* **Exercise directions**:
Skip the pictures, please, and write out exactly every line from the one containing "Thrilling | Audiobook" through the end of the listing below.

* **Given records**:
----------------------------------------

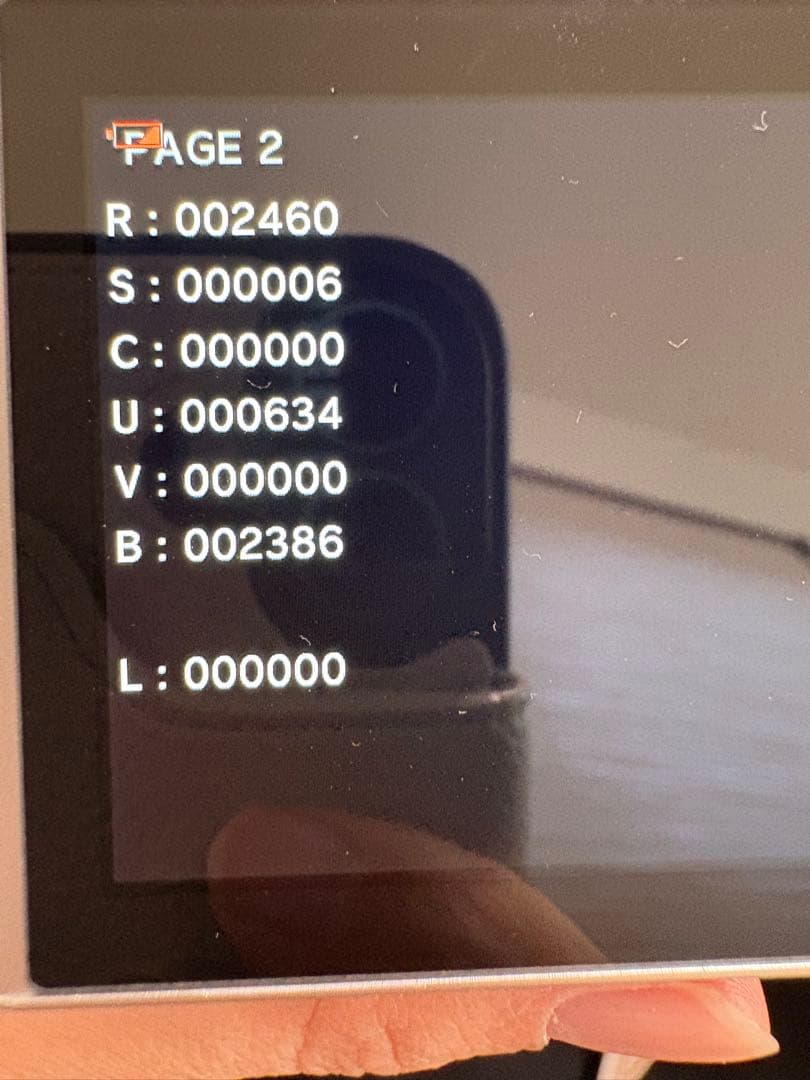 OLYMPUS PEN E-PL8 ミラーレスカメラ　ダブルレンズ　ダブルズーム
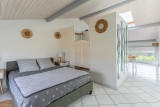 6-chambre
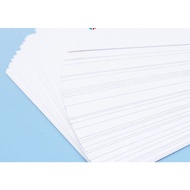 A4 paper budget,a4 paper 100pcs,a4 paper 70gsm, a4 paper tebal, a4 paper murah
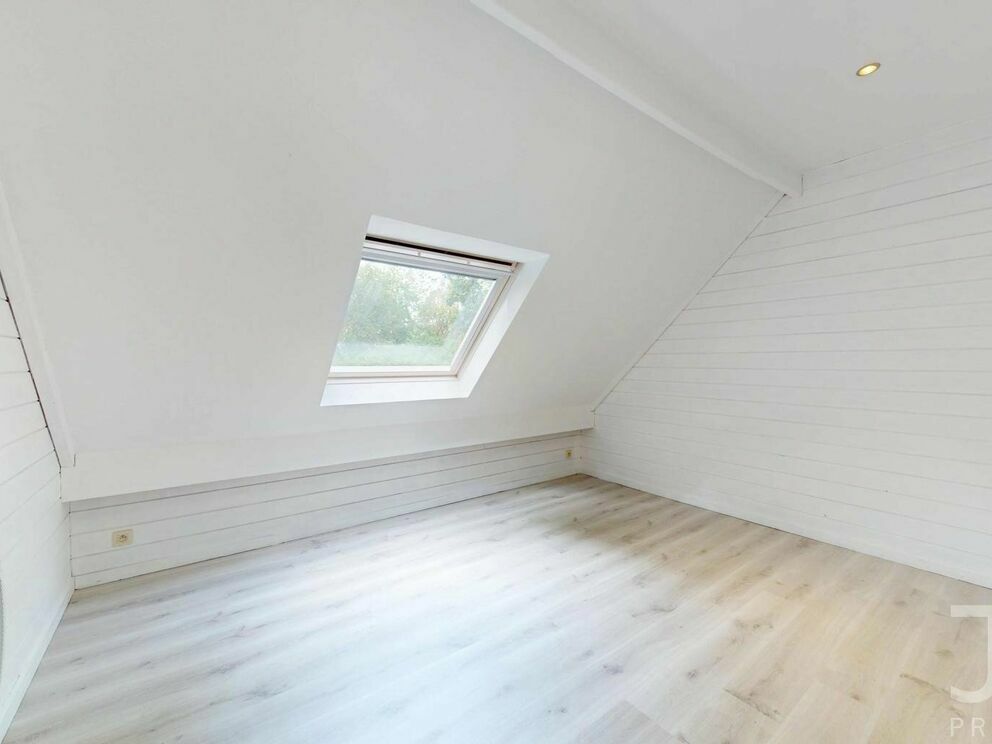 House for sale in Uccle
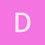 deadmeat1471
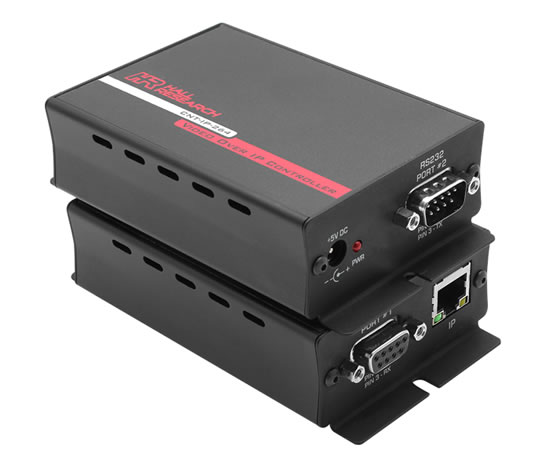 CNT-IP-264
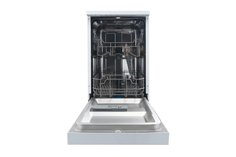 Посудомоечная машина Citrino DeLonghi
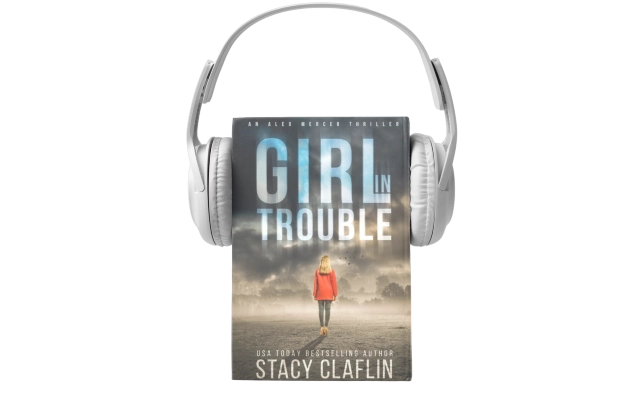 Thrilling | Audiobook
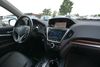 2017 Acura MDX w/Tech | Memphis, Tennessee | Memphis Car Smart 2017 Acura MDX w/Tech | Memphis, Tennessee | Memphis Car Smart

----------------------------------------

* **Output for this exercise**:
 Thrilling | Audiobook
 2017 Acura MDX w/Tech | Memphis, Tennessee | Memphis Car Smart 2017 Acura MDX w/Tech | Memphis, Tennessee | Memphis Car Smart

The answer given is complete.